_The task_
Transcribe word for word the section of the records below that opens with the line containing "Contemporary patterned bold" and closes with the line containing "Une petite cabane"; drop every picture.
---------- Records for this task
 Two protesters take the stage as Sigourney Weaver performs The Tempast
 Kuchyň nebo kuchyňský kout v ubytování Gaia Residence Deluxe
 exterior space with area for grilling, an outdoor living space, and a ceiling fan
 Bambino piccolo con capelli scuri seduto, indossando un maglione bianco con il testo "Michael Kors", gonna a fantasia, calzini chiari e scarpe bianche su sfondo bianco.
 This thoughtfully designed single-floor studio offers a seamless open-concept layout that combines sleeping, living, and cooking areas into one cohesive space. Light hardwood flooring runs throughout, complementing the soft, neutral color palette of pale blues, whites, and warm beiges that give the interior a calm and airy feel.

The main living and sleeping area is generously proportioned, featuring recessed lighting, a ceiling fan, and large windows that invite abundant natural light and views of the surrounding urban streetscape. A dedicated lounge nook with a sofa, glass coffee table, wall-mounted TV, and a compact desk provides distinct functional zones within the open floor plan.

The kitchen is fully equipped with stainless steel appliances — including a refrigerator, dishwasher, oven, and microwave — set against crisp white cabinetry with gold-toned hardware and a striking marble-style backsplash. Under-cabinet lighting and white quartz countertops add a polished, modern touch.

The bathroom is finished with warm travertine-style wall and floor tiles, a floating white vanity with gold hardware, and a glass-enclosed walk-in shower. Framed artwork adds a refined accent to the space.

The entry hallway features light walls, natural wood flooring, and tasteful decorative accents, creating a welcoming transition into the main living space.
--------------------
---------- Records for this task
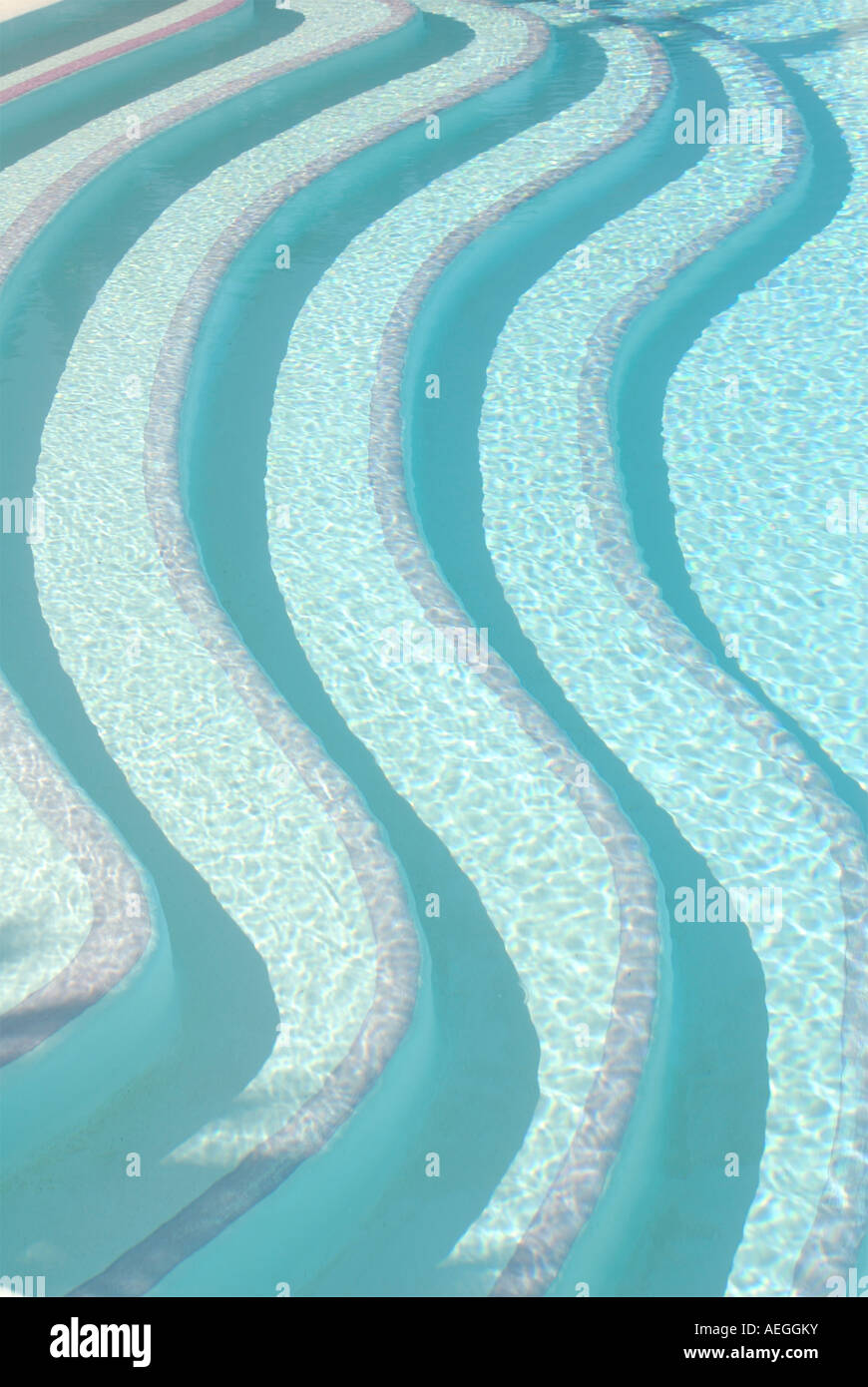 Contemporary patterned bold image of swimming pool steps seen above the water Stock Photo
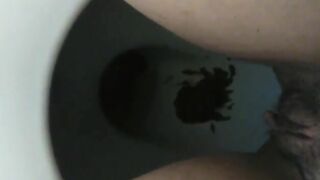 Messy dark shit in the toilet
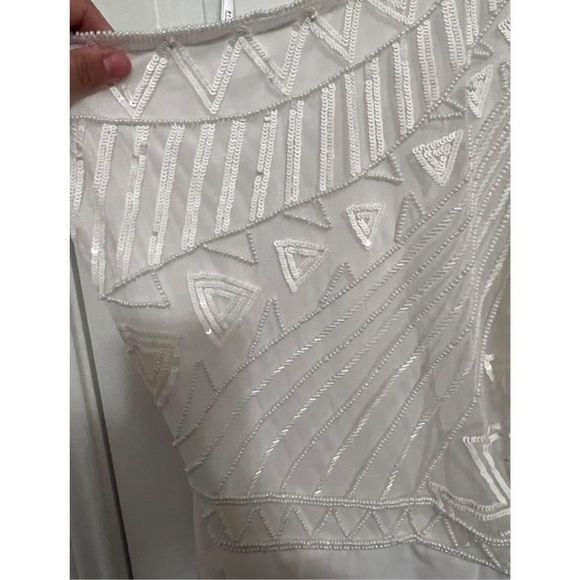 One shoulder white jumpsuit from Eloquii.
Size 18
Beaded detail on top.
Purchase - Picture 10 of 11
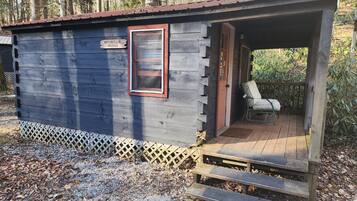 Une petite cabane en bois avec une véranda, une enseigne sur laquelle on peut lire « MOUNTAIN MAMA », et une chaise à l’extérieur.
--------------------
_Result below_
 Contemporary patterned bold image of swimming pool steps seen above the water Stock Photo
 Messy dark shit in the toilet
 One shoulder white jumpsuit from Eloquii.
Size 18
Beaded detail on top.
Purchase - Picture 10 of 11
 Une petite cabane en bois avec une véranda, une enseigne sur laquelle on peut lire « MOUNTAIN MAMA », et une chaise à l’extérieur.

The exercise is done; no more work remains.